Cela peut-il durer indéfiniment? Non; il faudra bien trouver une
solution quelconque. Attendre encore devient impossible. Que
fera-t-on? Décrétera-t-on que le billet de cent francs n'en vaut
plus que de dix, mais qu'il sera remboursable en or? Par ce procédé,
dépouillera-t-on les petits des neuf dixièmes de leur avoir?
Etablira-t-on une nouvelle monnaie or, au risque de paralyser
complètement le commerce et l'industrie? Continuera-t-on, au
contraire, la politique d'inflation, afin de ruiner totalement la
petite épargne? Peu nous importe. Entre ces procédés, également
mauvais, nous ne voulons pas choisir : tous tentent à replâtrer un
système périmé. L'annulation des dettes, de toutes les dettes, le
retour à une politique de sagesse et d'économie, la collaboration
fraternelle des peuples pour l'oeuvre de reconstruction des ruines,
sont les seuls moyens propres à mettre un terme définitif à
l'effroyable crise économique qui ravage le monde. Mais de cette
solution, indiquée par le bon sens, égoïstes et aveugles,
défenseurs maladroits des privilèges et des richesses mal acquis,
les gouvernements ne veulent point entendre parler. A première vue,
il semble que la situation n'est pas aussi tragique que nous
l'indiquons et que de pareils faits se sont reproduits sans
inconvénients graves au cours de l'histoire. Cela n'est vrai qu'en
apparence.
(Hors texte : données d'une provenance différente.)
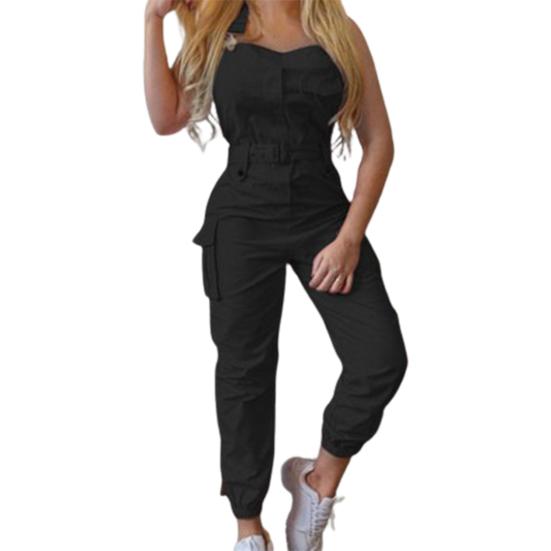 Cargo-Jumpsuit Knöchelgebunden Schulterträger Frühling Sommer Einfarbige Neckholder-Jumpsuit für
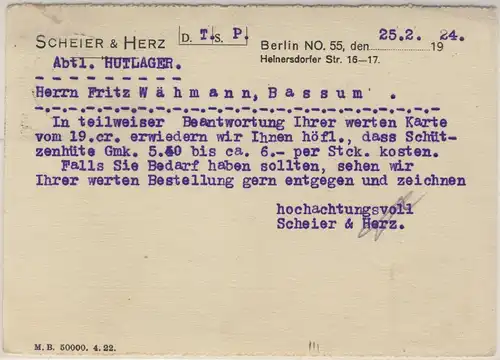 DR - 5 Pfg. Korbdeckel/Firmenlochung "S&H", Karte Berlin NO55 - Bassum 1924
La faillite de la banque de France sous Louis XV, la
machine à fabriquer les assignats sous la Révolution française,
les faillites des banques nationales de divers Etats d'Europe et
d'Amérique ne dépassaient guère le cadre national et,
l'auraient-elles dépassé, elles n'atteignaient jamais qu'un ou deux
pays et ne troublaient jamais beaucoup la situation de I'ensemble. De
plus, en ces temps lointains, les rapports internationaux étaient
encore presque nuls. A cette époque, en l'absence de monnaie stable
pour déterminer la valeur, on pouvait avantageusement utiliser le
troc et cela se pratiquait d'ailleurs couramment, dans le commerce
avec les Indes, l'Afrique et l'Amérique. Dans ces conditions, les
fluctuations constantes du papier monnaie n'avaient aucune
répercussion grave. En 1926, il n'en est plus de même. D'abord
parce que la crise financière est générale, ensuite parce que la
facilité des transports, la rapidité des relations, le
développement prodigieux de la science, de l'industrie, du commerce
ont créé des rapports et des besoins que nous sommes forcés de
satisfaire. L'Europe, de nos jours, forme un ensemble plus compact et
plus facilement pénétrable que la France de Napoléon ou une
province sous Louis XIV. De là, la différence fondamentale entre la
situation d'alors et celle d'aujourd'hui. Au surplus, il faut ajouter
que, vainqueurs ou vaincus de la grande guerre, tous ont également
souffert de leur incommensurable folie ; c'est ainsi que les pays
riches sont précisément ceux où le prolétariat est le plus
misérable, parce que machines et usines s'arrêtent pour la
raison bien simple que les actionnaires des grandes usines et des
grandes industries préfèrent faire fabriquer dans les pays à
change bas. Quant aux pays à monnaie dépréciée, ils sont
littéralement mis au pillage par ces mêmes capitalistes qui rendent
ainsi la vie impossible à ceux qui doivent y travailler et y vivre.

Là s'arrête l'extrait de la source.